- TASK DIRECTIONS: Starting with the line with "locomotive diesel HO JOUEF837/" in the entries below and going on through the line with "UNE ANCIENNE BATISSE", output every line exactly and nothing more. No pictures.

- DATA FOR THE TASK:
+++++

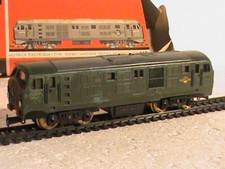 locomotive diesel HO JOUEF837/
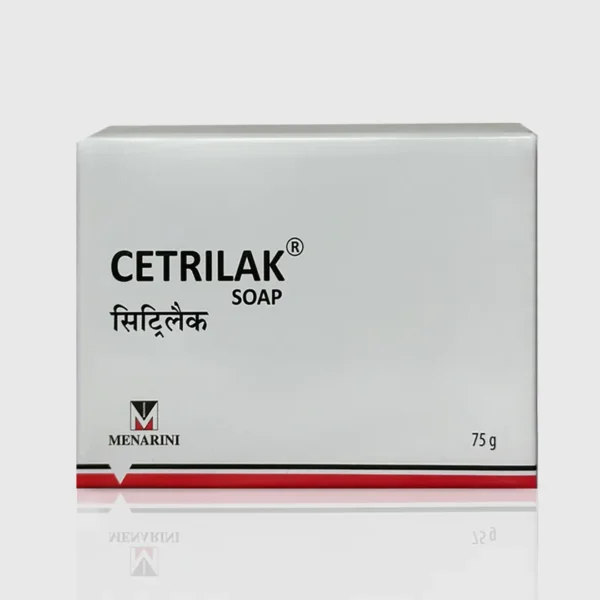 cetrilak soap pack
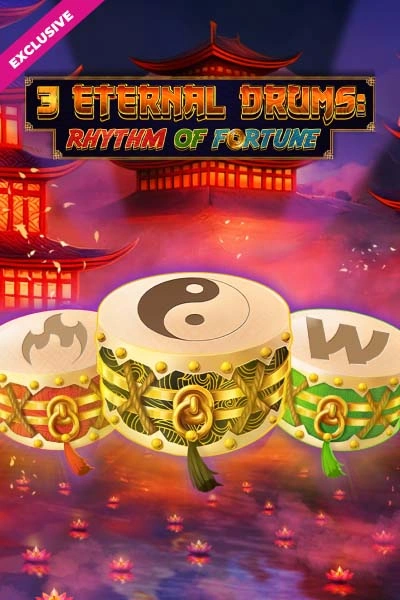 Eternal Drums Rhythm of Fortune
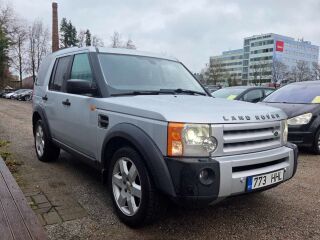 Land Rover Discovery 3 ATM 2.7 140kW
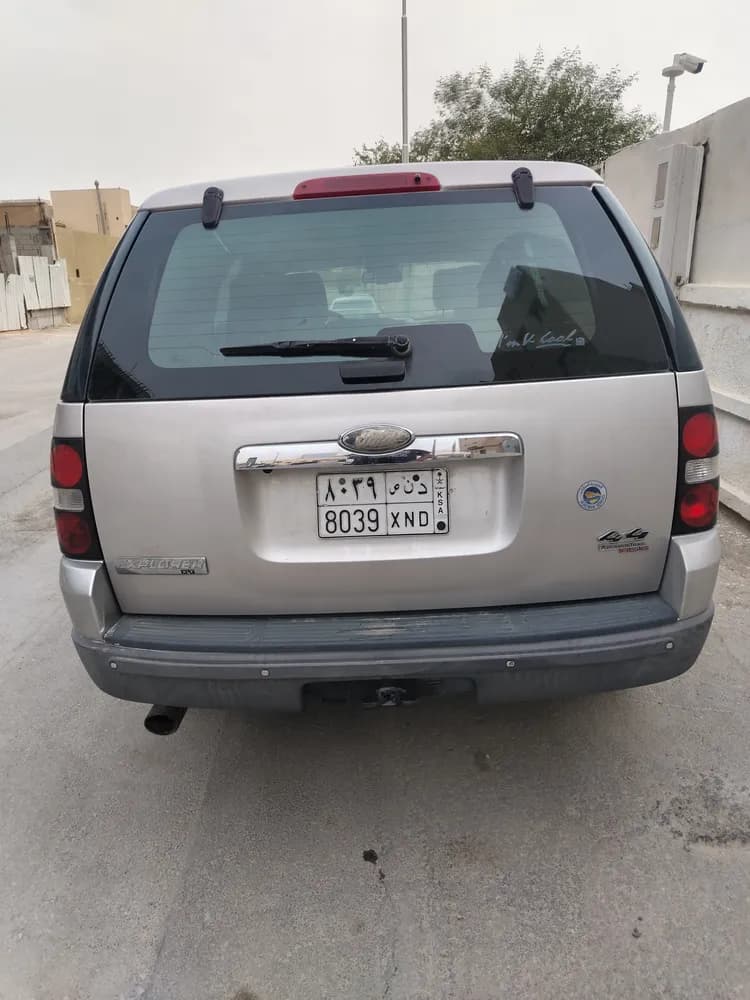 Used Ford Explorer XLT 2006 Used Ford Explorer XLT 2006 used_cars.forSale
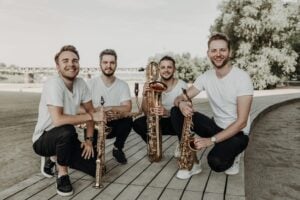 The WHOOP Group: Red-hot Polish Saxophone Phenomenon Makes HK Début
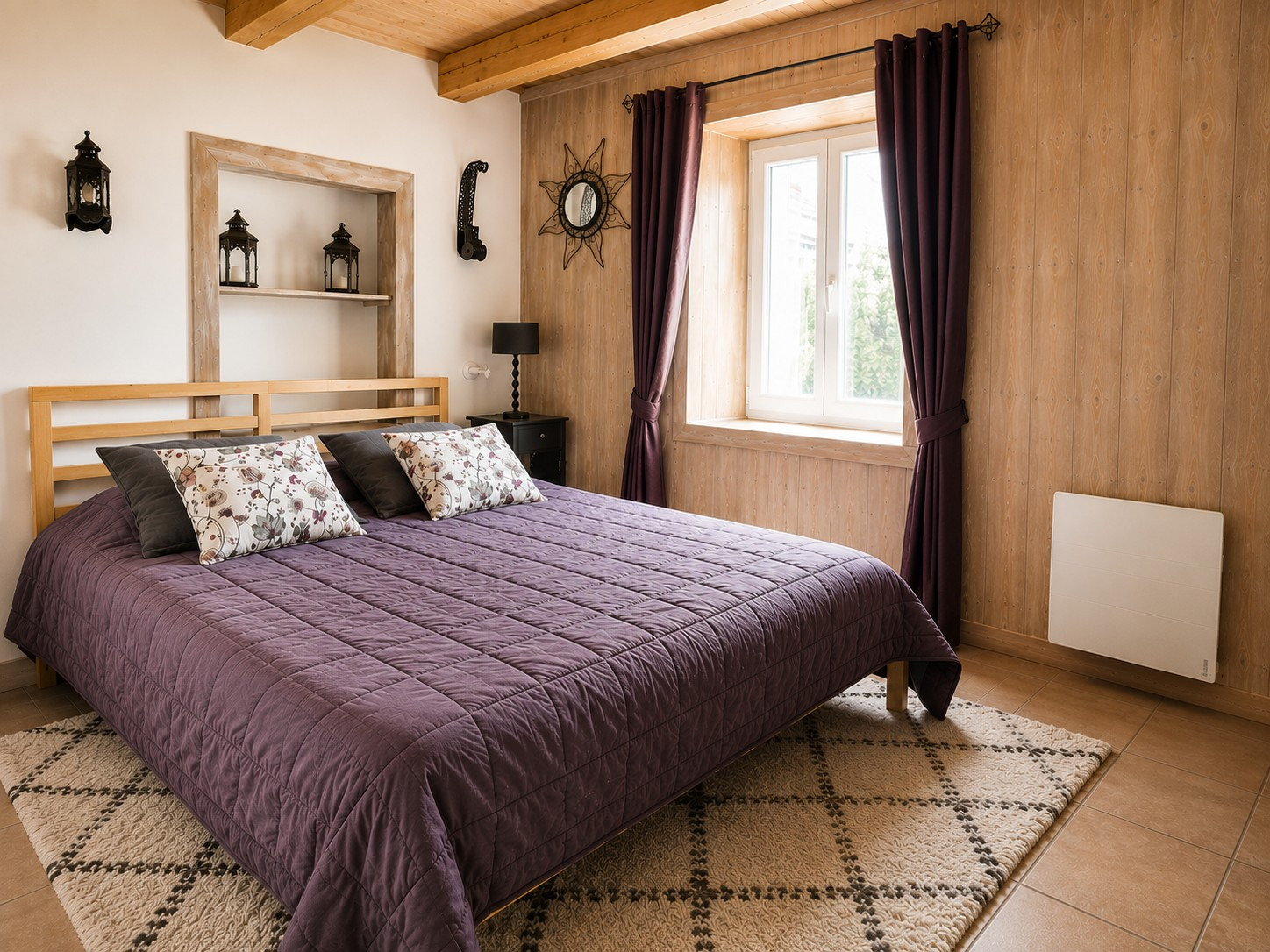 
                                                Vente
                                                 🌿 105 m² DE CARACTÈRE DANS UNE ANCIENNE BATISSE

+++++

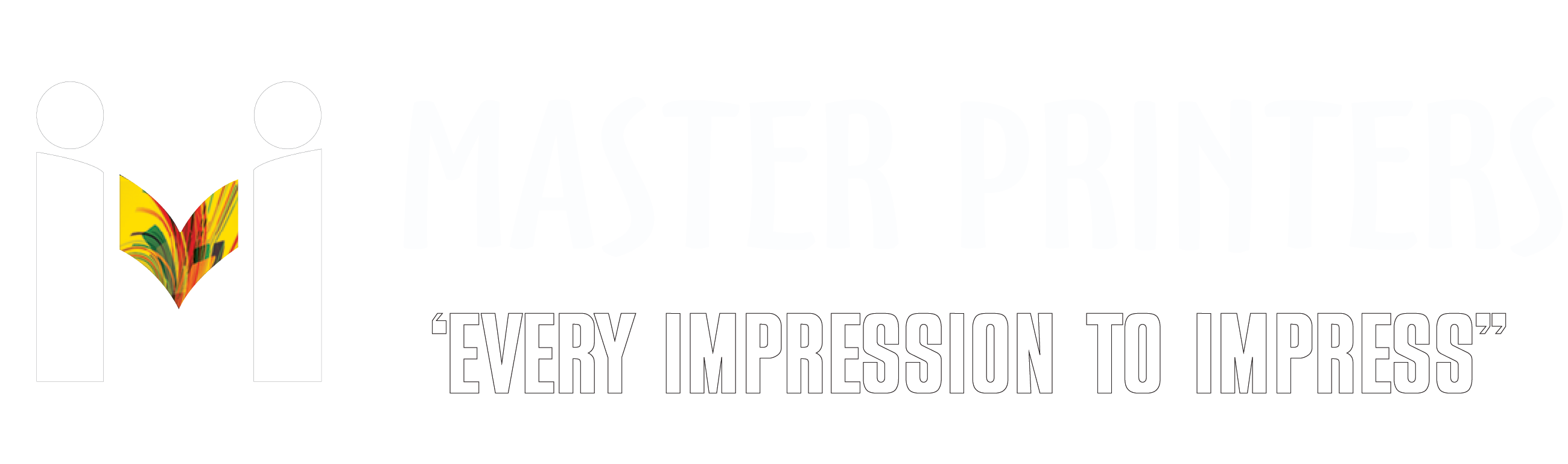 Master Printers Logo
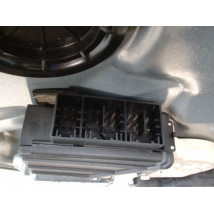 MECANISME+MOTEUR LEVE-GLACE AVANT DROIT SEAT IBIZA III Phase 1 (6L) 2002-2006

+++++

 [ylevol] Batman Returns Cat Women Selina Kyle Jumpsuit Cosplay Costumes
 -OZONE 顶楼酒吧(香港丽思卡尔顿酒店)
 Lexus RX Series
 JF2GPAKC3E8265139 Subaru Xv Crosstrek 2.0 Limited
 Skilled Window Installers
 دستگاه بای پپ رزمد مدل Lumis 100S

+++++

- EXERCISE OUTPUT:
 locomotive diesel HO JOUEF837/
 cetrilak soap pack
 Eternal Drums Rhythm of Fortune
 Land Rover Discovery 3 ATM 2.7 140kW
 Used Ford Explorer XLT 2006 Used Ford Explorer XLT 2006 used_cars.forSale
 The WHOOP Group: Red-hot Polish Saxophone Phenomenon Makes HK Début
                                                Vente
                                                 🌿 105 m² DE CARACTÈRE DANS UNE ANCIENNE BATISSE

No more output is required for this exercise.